- **SUPPLIED INFORMATION**
_ _ _ _
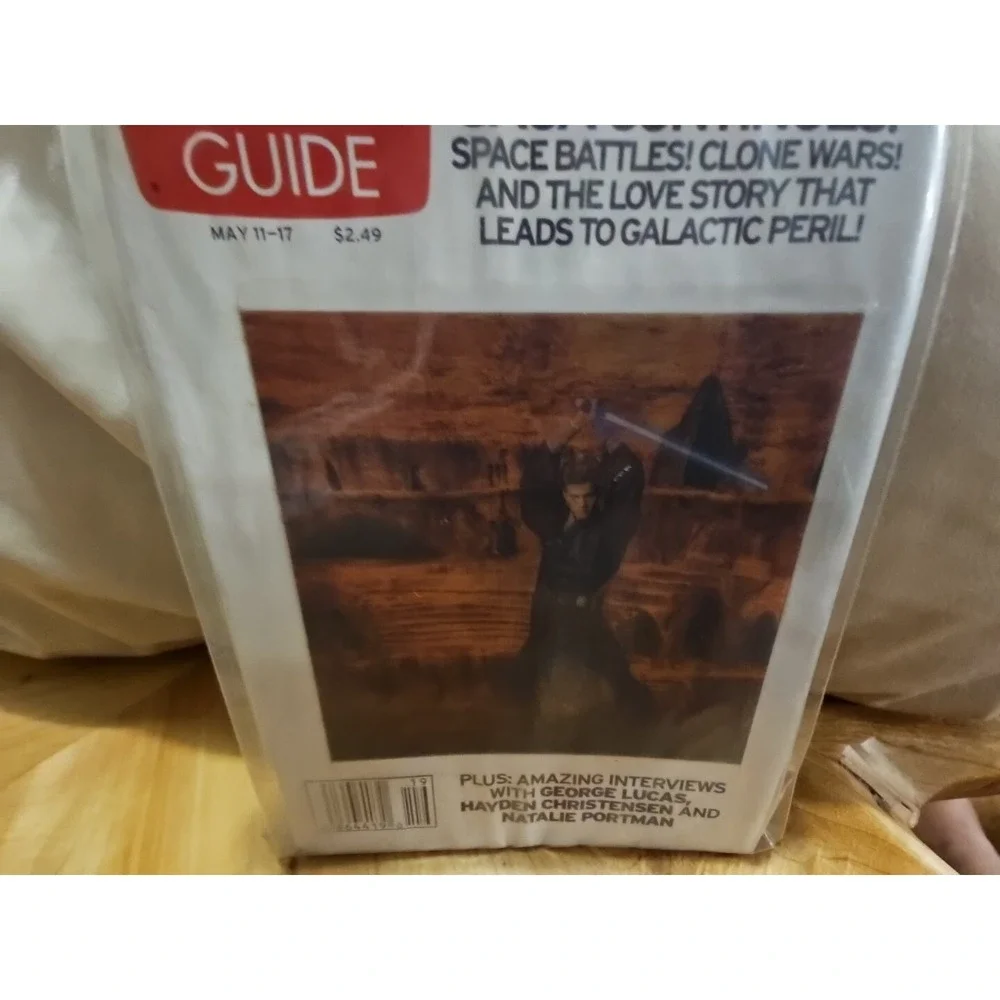 TV Guide Magazine 5x7, #19 Star Wars The Dark Slide, Ep II 3-D‎ May 11-17, 2002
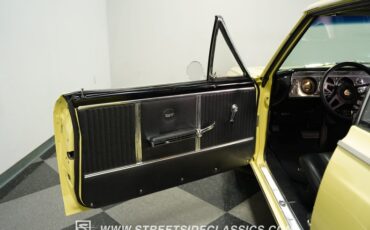 Chevrolet-Chevelle-1964-Butternut-Yellow-Black-35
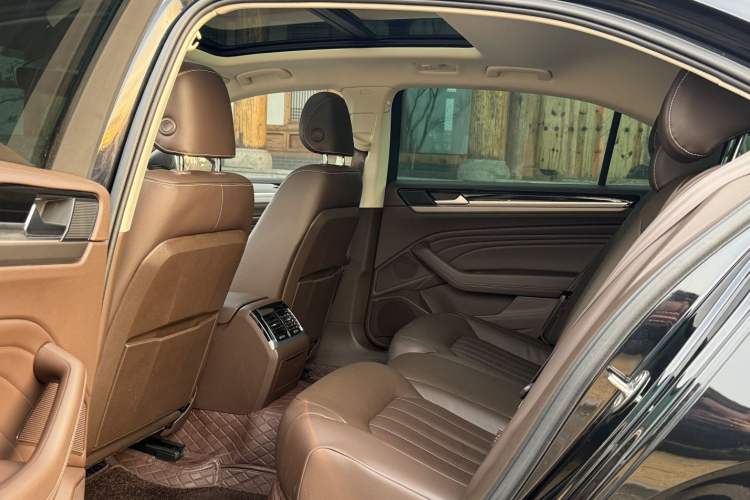 Used Volkswagen Phideon 2021 380TSI Luxury Edition
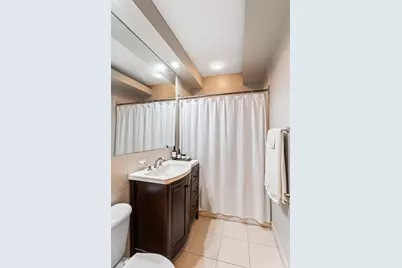 2021 W Arthur Street #2E, Chicago, IL 60645 - Photo 19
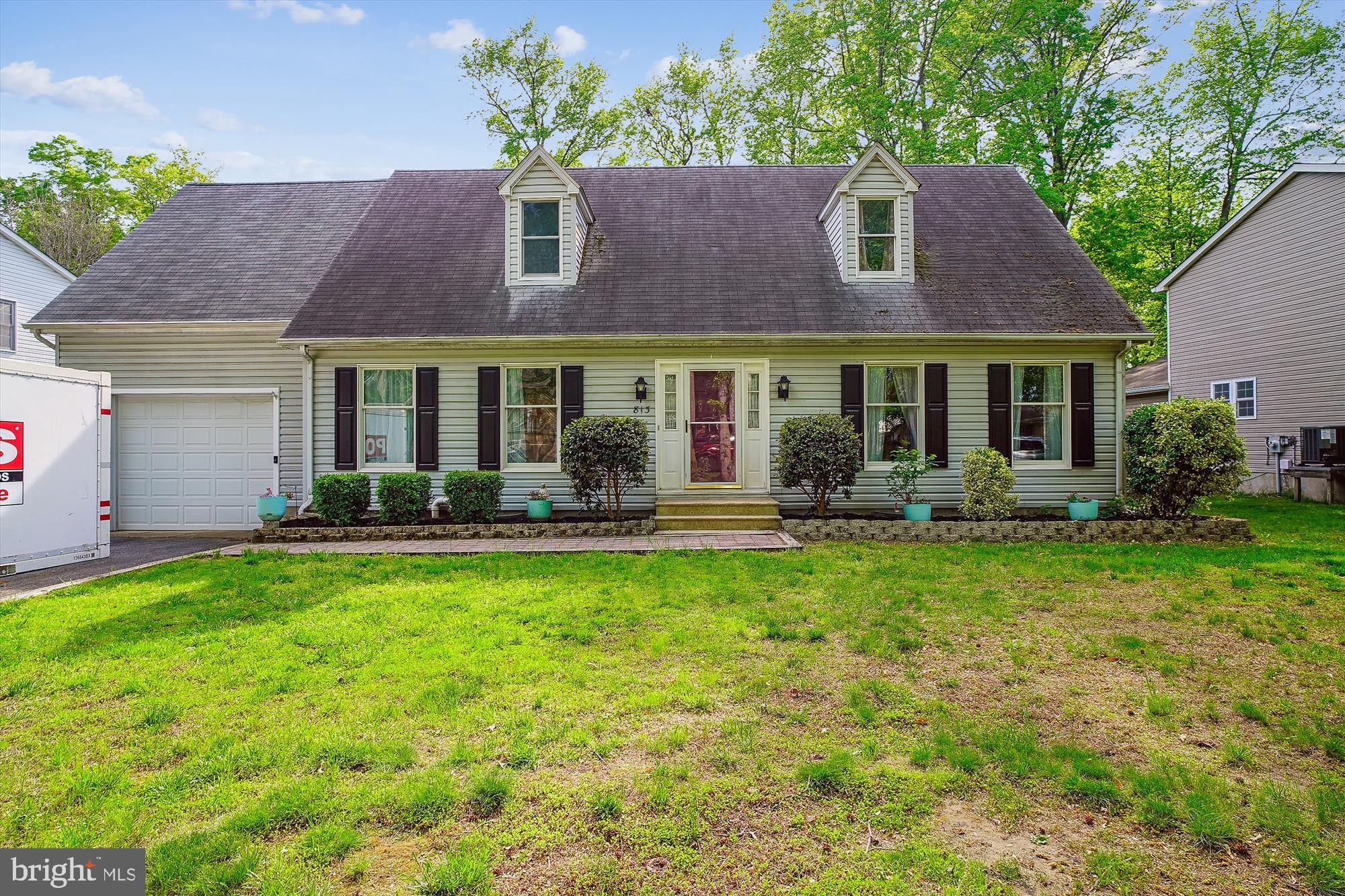 813 PETINOT PLACE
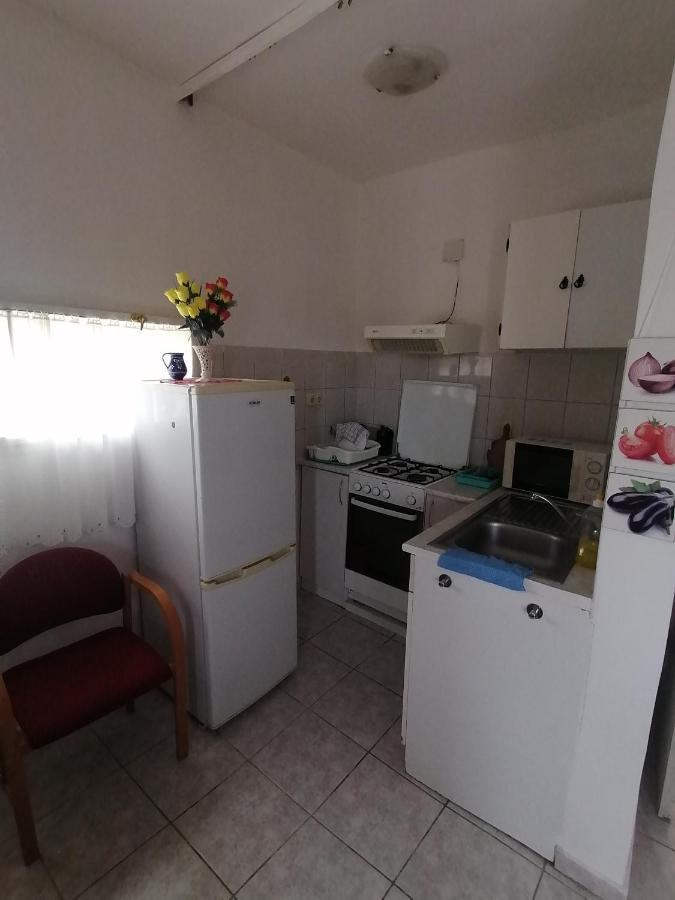 Kekturas-Tora Nyilo Badacsonyi Privat Berlemeny Appartement Badacsonytomaj Buitenkant foto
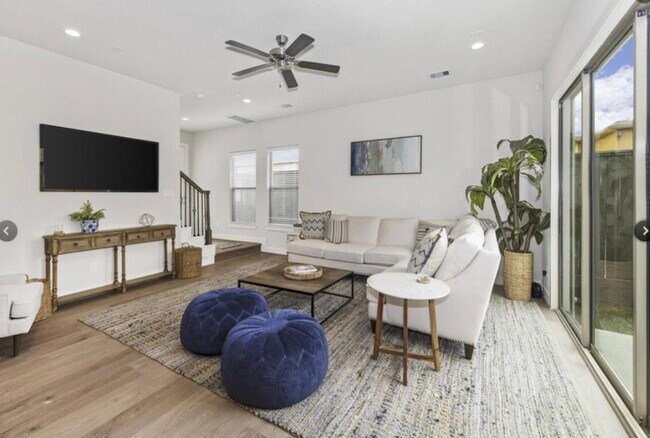 Building Photo - 1103 Fuschia Rd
_ _ _ _
Starting at the line that holds "Kekturas-Tora Nyilo Badacsonyi", write out every remaining line of the material above exactly as it appears. Pictures should not be copied.

 Kekturas-Tora Nyilo Badacsonyi Privat Berlemeny Appartement Badacsonytomaj Buitenkant foto
 Building Photo - 1103 Fuschia Rd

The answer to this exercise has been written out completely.